EXERCISE: Below is a block of entries; repeat exactly the lines starting at the line that contains "T-shirts décontractés pour" and ending at the line that contains "バラゴールドフォイルラグジュ", both included.

SOURCE MATERIAL:
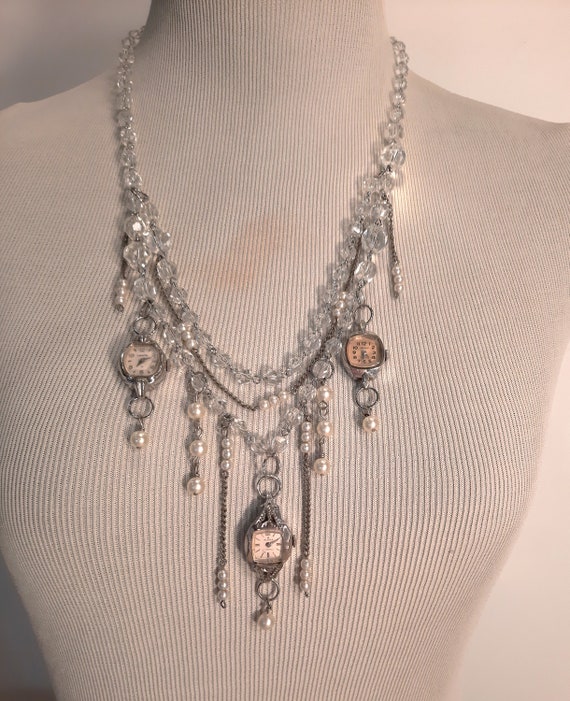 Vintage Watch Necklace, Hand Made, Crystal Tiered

---

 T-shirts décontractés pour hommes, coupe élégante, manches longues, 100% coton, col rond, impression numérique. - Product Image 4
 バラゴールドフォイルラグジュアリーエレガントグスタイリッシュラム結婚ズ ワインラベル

RESPONSE TO THE TASK:
 T-shirts décontractés pour hommes, coupe élégante, manches longues, 100% coton, col rond, impression numérique. - Product Image 4
 バラゴールドフォイルラグジュアリーエレガントグスタイリッシュラム結婚ズ ワインラベル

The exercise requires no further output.